JOINT VENTURE

MEANING:
    A joint venture is a very short duration ''business'' (generally , confined to a single transaction, like, buying some surplus stores and selling them) entered into by two or more persons jointly. 
  Venture may be for the construction of a building or a bridge, for the supply of certain quantity of materials or labour and even for the supply of technical services. The person who have so agreed to undertake a joint venture are known as ''Joint venture'' or ''Co- venturers''.
FEATURES OF JOINT VENTURES:
 following are:

  1. It is short duration special purpose partnership. Parties in venture are called co- ventures.
  2. Co-venturers may contribute funds for running the venture or supply inventories from their regular business.
  3. Co- venturers share profit/loss of the venture at an agreed ratio likewise partnership.
METHODS OF MAINTAINING JOINT VENTURE ACCOUNTS:


  1. When separate set of books account is maintained for joint venture
  2. When separate set of books is not maintained for the joint venture

1.A separate set of books is kept

When the size of the venture is large and the duration of the venture is protected, then a complete set of books of accounts is maintained under the double entry system for recording all joint venture transactions.
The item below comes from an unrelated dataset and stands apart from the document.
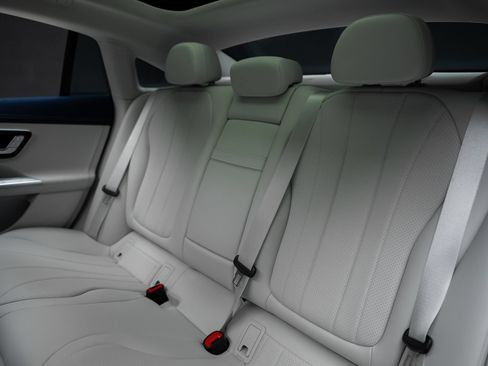 Used 2024 Mercedes-Benz EQE 350+ Sedan image 64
Under this account, the following account is commonly maintained in the ledger.
Joint Bank Account: For the better financial control, a joint bank account is opened for the venture.  The co-venture operates this account jointly. This account is just like a cash book- All cash deposited into the bank is debited and all cash withdraw is credited. Capital contributed by the ventures and sale proceeds are deposited in this account.
Co-ventures Account: This account records the transactions between venture and co-ventures account. Since these are the capital account of the co-venture, they are credited for what they are deposited in the account and debited for what they are withdrawals from the account. The co-ventures’ contribution toward the joint venture by way of cash, goods, and services.
Joint venture account: it is nature of trading and profit and loss account. This account is prepared to ascertain the profit and loss account. Goods purchased, goods supplied by co-ventures, expenses incurred, etc. Are debited to this account and sales proceeds, unsold stock are credited to this account.  It is interesting to see that no separate account for purchases, sales and expenses are maintained. All these are directly entered into joint venture account.
2.No separate set of books is kept
When the size of the firm is small and each co-venture is residing at distant places, then co-venture may record joint venture transactions in his own book of account. In such case two variations are possible: when each co-venture maintains a complete record of all joint venture transactions; 2) when each co-venture maintains a record of transactions only.
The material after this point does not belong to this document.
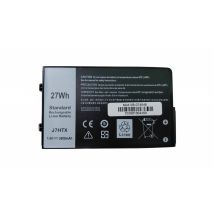 Аккумуляторная батарея для ноутбука Dell 7XNTR Latitude 12 7202 7.4V Black 3600mAh OEM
When each co-venture maintains a complete record of all joint venture transactions

Joint venture account – it is nominal account and may be treated as special profit and loss account when disclose profit and loss on the venture. One’s own share of profit and loss is transferred to profit and loss account whereas the co-ventures’ share of profit is transferred to their respective personal account.
A personal account of co-venture: – these accounts are credited with cash, goods, and services supplied by the co-ventures and debited with the goods, sales proceeds taken over, remittance and share of profit and loss are credited and debited respectively to this account.
The balances of these accounts are shown on the balance sheet (if it has not been settled). Under this system, each co-venture will send from time to time a statement of the transactions entered by him to his co-venture who will accordingly make own its entries in his own book of account.